The folder includes the following files:

joint_main_online.py: The main function to run our model.

model_layer1.py: The module function realizing one-layer model.

model_layer2.py: The module function realizing two-layer model.

model_layer3.py: The module function realizing three-layer model.

PGBN_sampler.py: The module function realizing some sampling in our model.

libCrt_Multi_Sample.so: A sampling function to sample from CRT distribution (written based on C and used only in Linux).

libMulti_Sample.so: A sampling function to sample from Multinomial distribution (written based on C and used only in Linux).

perplexity.m: A function to calculate the perplexity according to Equation (11) in our paper.

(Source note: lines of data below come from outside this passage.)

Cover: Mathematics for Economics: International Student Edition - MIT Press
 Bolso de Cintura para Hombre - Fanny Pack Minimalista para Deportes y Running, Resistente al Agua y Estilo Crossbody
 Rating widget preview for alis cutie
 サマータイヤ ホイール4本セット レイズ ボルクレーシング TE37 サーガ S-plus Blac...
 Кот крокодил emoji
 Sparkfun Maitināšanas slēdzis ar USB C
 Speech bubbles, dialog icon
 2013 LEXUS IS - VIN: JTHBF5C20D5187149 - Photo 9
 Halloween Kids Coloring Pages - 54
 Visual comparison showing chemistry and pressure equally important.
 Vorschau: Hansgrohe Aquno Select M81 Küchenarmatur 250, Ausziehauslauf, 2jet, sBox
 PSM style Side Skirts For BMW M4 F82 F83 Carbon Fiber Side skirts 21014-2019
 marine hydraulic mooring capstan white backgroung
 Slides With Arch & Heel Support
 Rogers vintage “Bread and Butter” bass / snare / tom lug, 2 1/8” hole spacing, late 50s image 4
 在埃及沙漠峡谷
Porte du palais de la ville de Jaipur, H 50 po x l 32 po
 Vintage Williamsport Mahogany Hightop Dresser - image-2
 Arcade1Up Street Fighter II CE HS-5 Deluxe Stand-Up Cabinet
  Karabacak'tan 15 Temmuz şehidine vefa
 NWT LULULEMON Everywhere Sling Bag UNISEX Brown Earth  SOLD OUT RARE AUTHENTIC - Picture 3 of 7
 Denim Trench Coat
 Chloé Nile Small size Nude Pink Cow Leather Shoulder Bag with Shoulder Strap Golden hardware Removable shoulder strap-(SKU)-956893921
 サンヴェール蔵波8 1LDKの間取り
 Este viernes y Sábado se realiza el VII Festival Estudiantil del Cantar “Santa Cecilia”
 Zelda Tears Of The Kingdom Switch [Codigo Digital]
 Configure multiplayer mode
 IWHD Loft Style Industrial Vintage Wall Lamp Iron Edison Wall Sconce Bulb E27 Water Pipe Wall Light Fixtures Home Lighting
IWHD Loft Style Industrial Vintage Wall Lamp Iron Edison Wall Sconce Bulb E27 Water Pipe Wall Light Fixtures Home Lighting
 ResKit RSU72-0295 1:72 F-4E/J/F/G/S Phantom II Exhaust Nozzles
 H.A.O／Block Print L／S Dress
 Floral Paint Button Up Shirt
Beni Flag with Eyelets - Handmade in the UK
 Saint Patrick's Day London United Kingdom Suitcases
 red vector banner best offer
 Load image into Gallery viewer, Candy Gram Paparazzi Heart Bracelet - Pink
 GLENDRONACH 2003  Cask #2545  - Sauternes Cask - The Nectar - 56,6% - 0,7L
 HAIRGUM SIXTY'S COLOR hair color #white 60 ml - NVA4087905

You can use our code in Linux system with Theano package. If you have any questions, please contact us.

License

Please note that this code should be used at your own risk. There is no implied guarantee that it will not do anything stupid. Permission is granted to use and modify the code.

Citing WHAI

Please cite our ICLR paper in your publications if it helps your research:

@inproceedings{WHAI_ICLR2018,
  Author = {H. Zhang, B. Chen, D. Guo, and M. Zhou},
  Title = {WHAI: WEIBULL HYBRID AUTOENCODING INFERENCE FOR DEEP TOPIC MODELING},
  booktitle={ICLR},
  Year  = {2018}
}

Data

The Original 20news and MNIST datasets are included in the data folder. If you want to calculate the per-heldout-word perplexity, you may need to partition the date according to the describtion in section 3.1.

RCV1 dataset are provided by Cong et al. (2017)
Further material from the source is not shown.